Records contained in a dataset
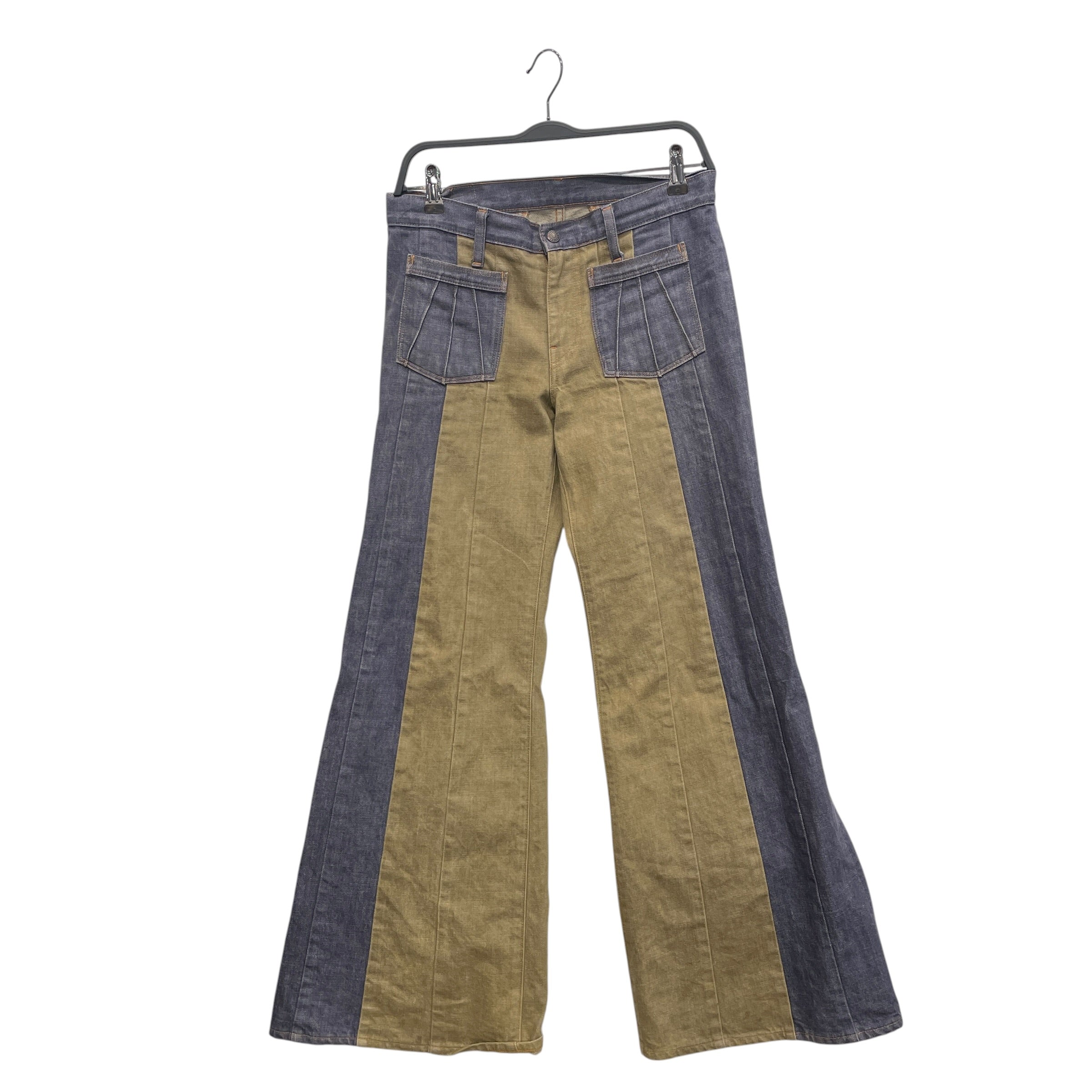 KAPITAL/Pants/XS/Denim/KHK/3 STITCHES DESIGN POCKET view 1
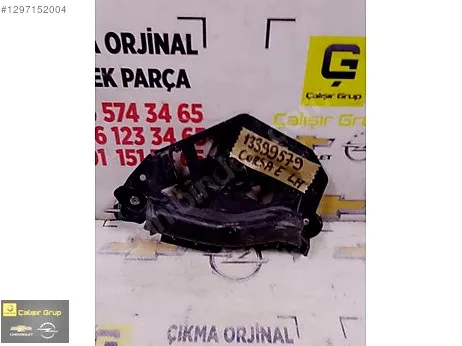 Opel Corsa Arka Tampon çıkma parça - ÇALIŞIR GRUP OPEL CHEVROLET ÇIKMA YEDEK PARÇA İstanbul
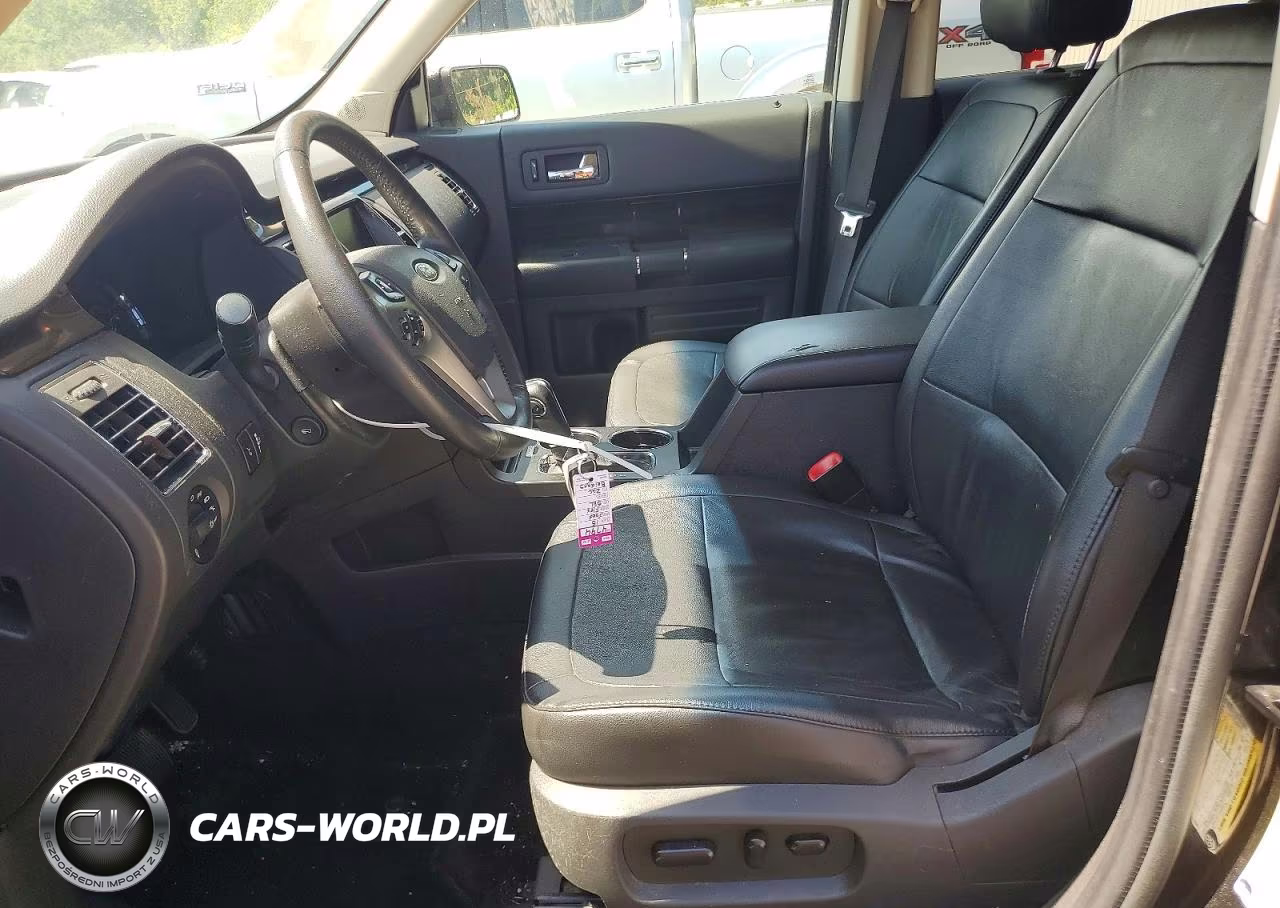 2015 Ford Flex Sel VIN:2FMGK5C82FBA17277 - 7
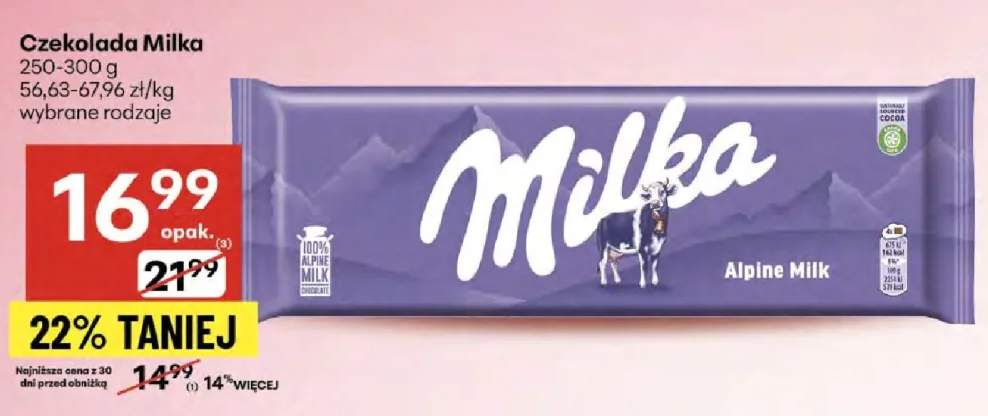 czekolada Milka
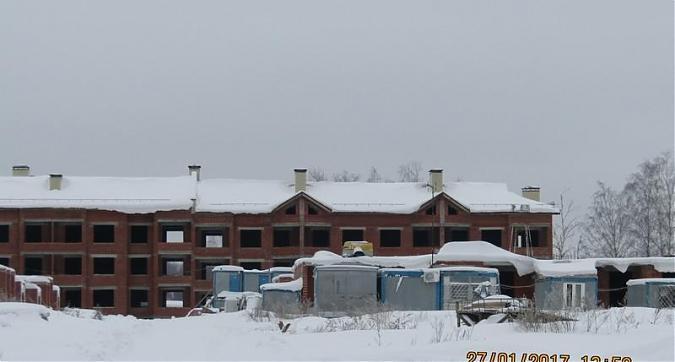 ЖК Павловский квартал - вид на корпус 4 с восточной стороны Квартирный контроль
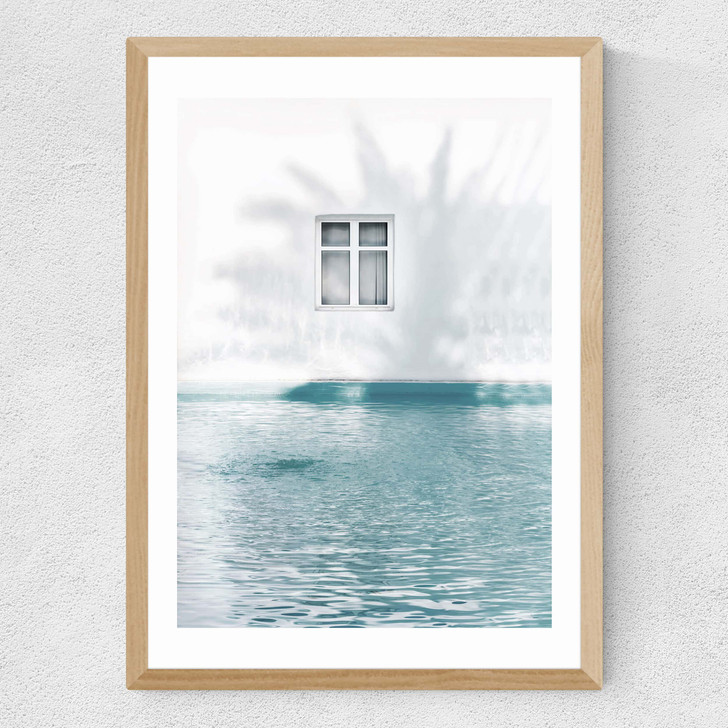 Mykonos Medium Oak Frame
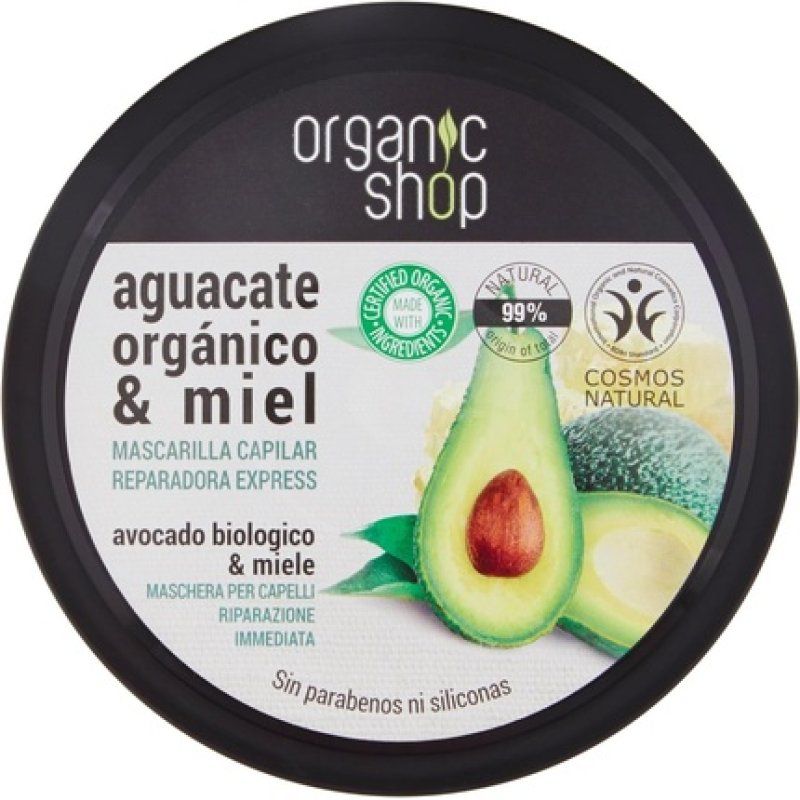 Avocado and Honey Hair Mask
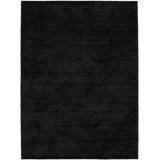 Castone Geometric Area Rug in Black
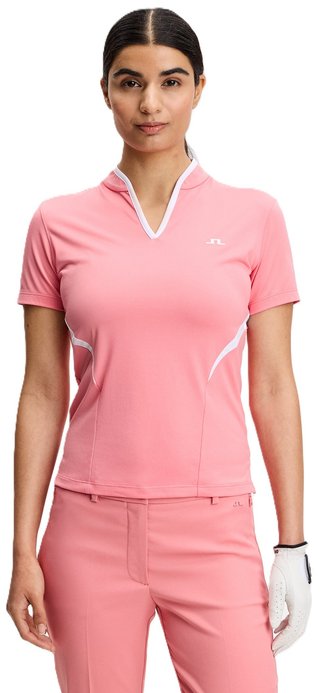 J.Lindeberg Katie dam topp, flamingo plume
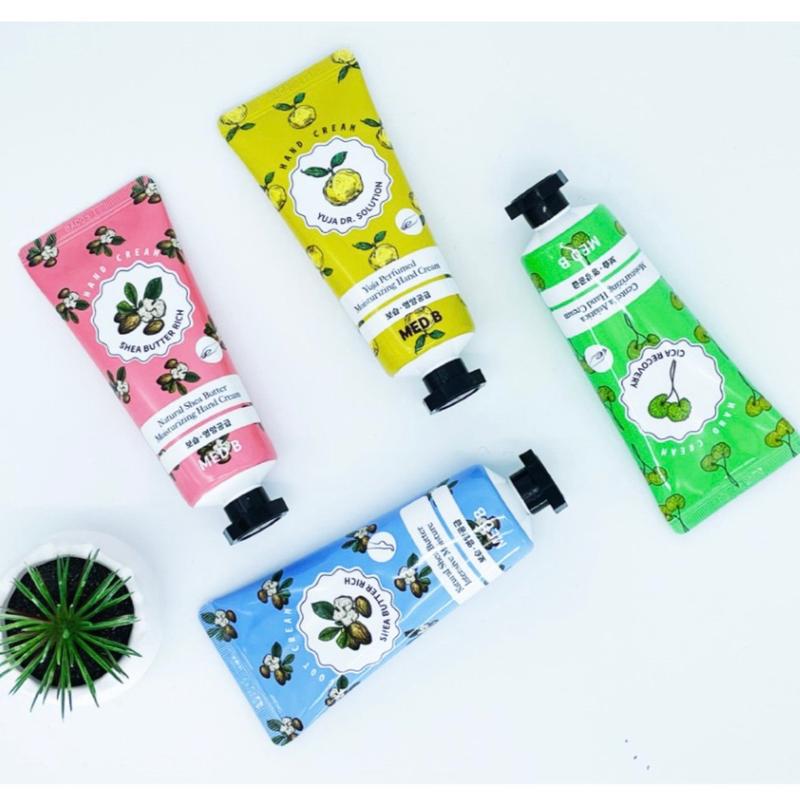 Kem Dưỡng Da Tay Medb Tinh chất Rau Má, Quả Bơ 80ml dưỡng đôi tay búp măng mềm mại, mịn màng 2
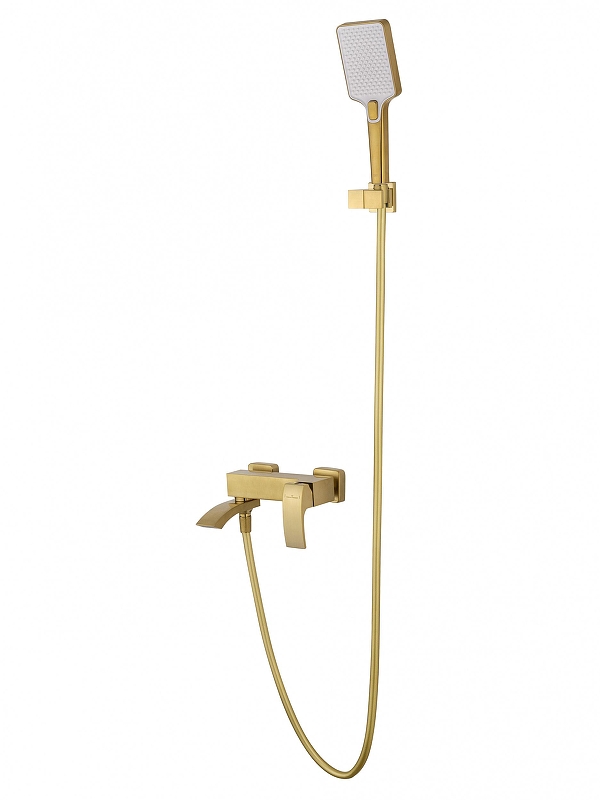 Смеситель для ванны Wonzon & Woghand Fit WW-88639009-BG цвет Брашированное золото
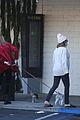 pregnant ashley tisdale takes her dogs while shopping 42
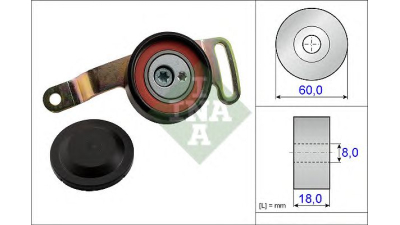 Intinzator curea transmisie INA 533007810 Smart Cabrio (450) City-Coupe (450) Roadster Cupe (452) Roadster (452) Fortwo Cupe (450) Fortwo Cabrio (450) Crossblade (450)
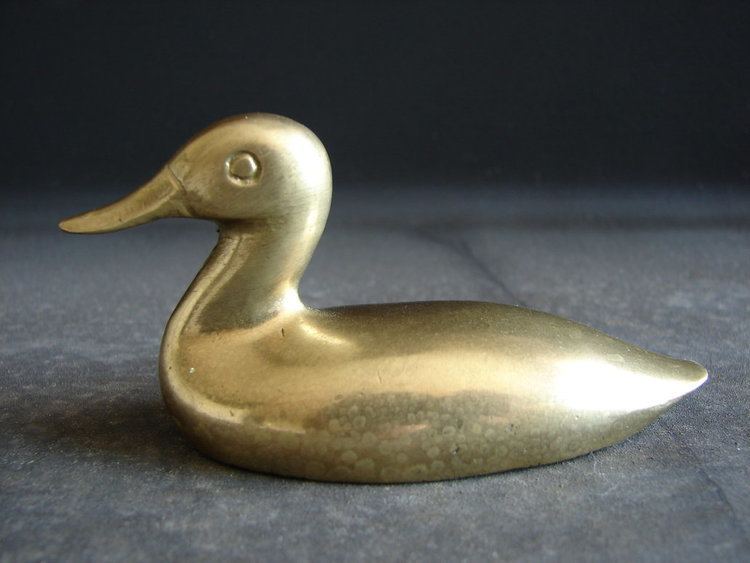 Metal Duck Brass Duck Metal Figurine by FantasyStock on DeviantArt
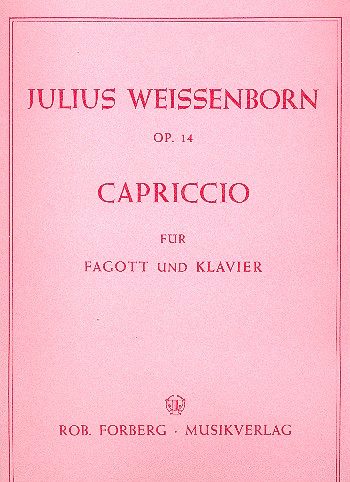 Capriccio op.14
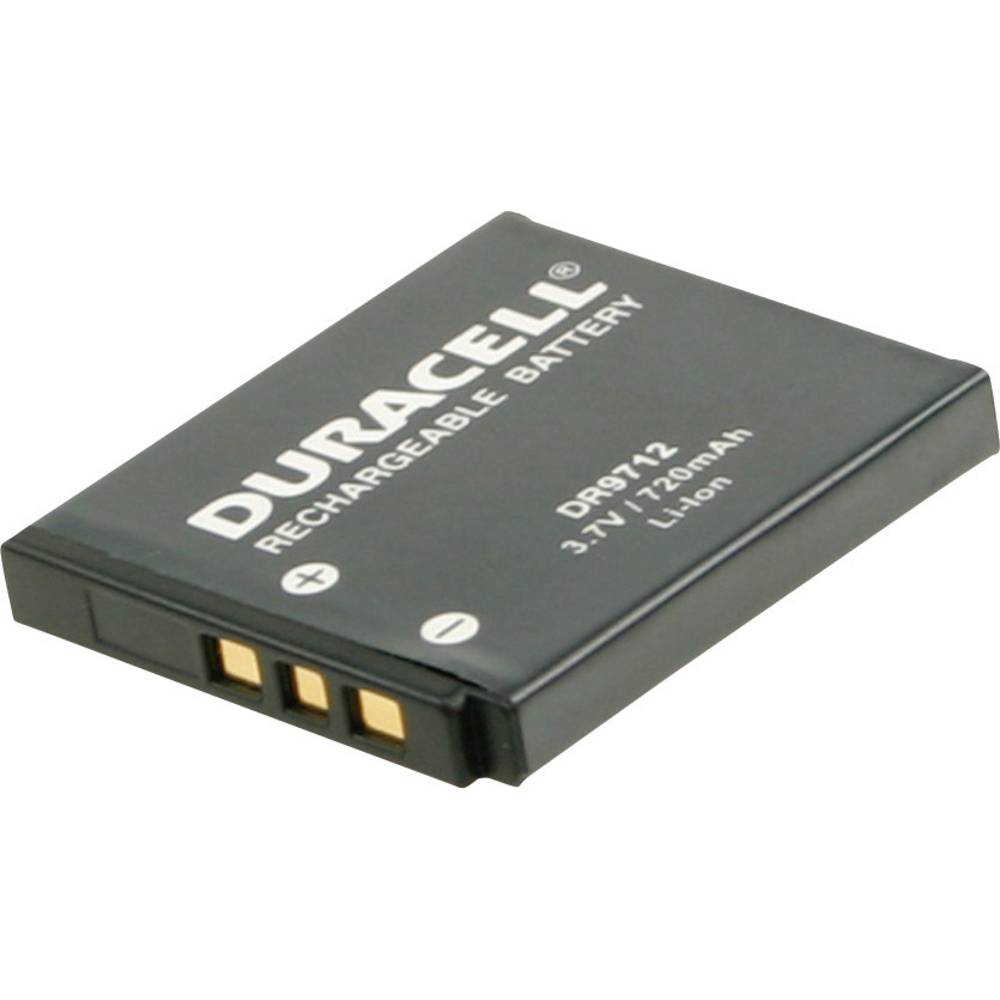 Duracell KLIC-7001 Kamerabatteri Ersättning originalbatteri KLIC-7001 3.7 V 700 mAh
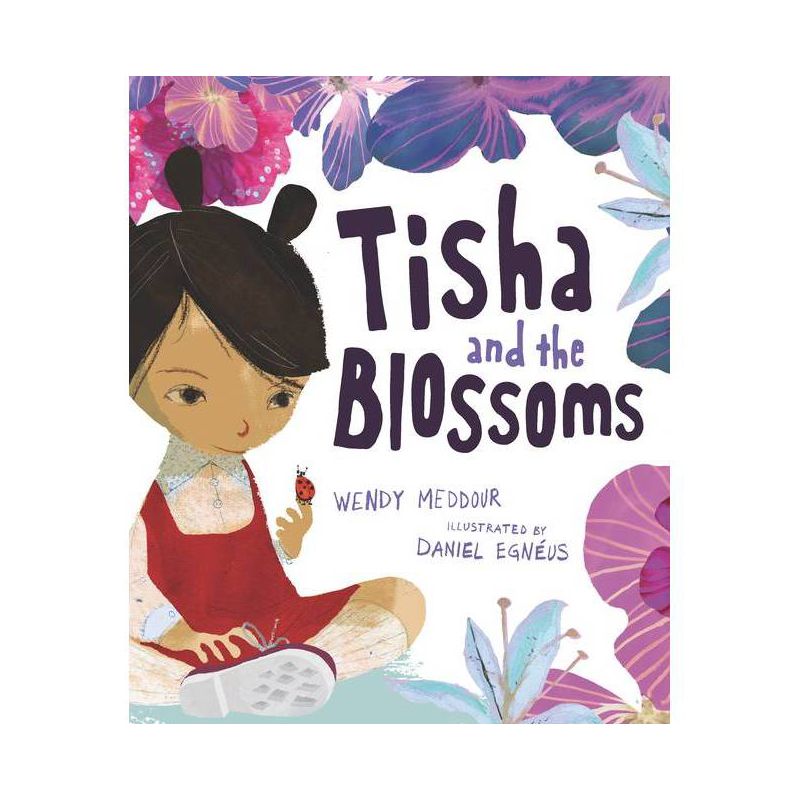 Tisha and the Blossoms - by  Wendy Meddour (Hardcover), 1 of 2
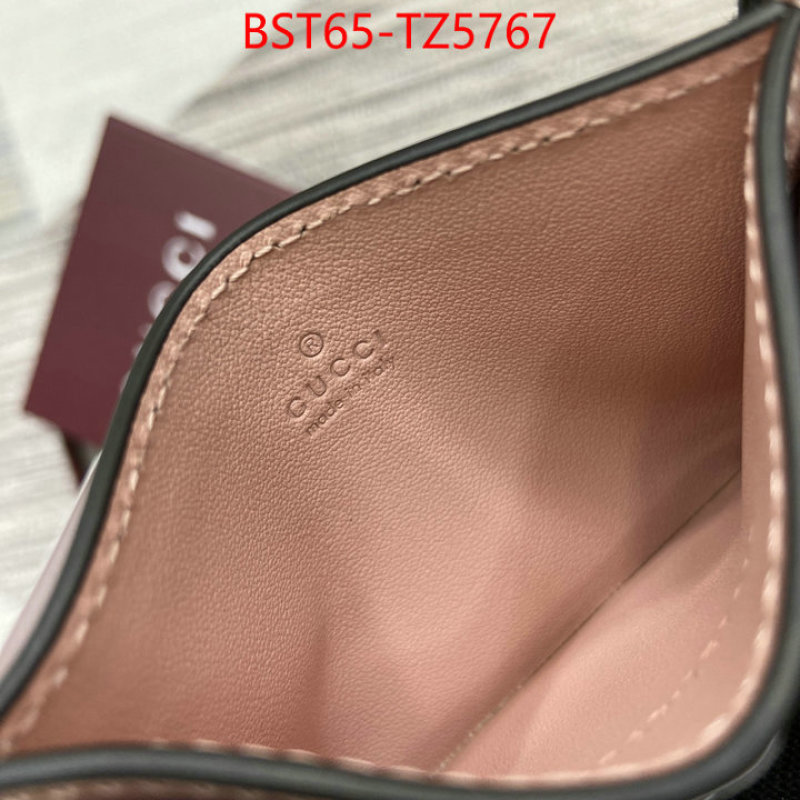 Gucci Bags(TOP)-Wallet- fashion designer ID: TZ5767 $: 65USD,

#### Goal of the exercise
Copy exactly, without pictures, the lines above from the one with "Kem Dưỡng Da" down to the one with "pregnant ashley tisdale", inclusive.

#### Solution for this task
 Kem Dưỡng Da Tay Medb Tinh chất Rau Má, Quả Bơ 80ml dưỡng đôi tay búp măng mềm mại, mịn màng 2
 Смеситель для ванны Wonzon & Woghand Fit WW-88639009-BG цвет Брашированное золото
 pregnant ashley tisdale takes her dogs while shopping 42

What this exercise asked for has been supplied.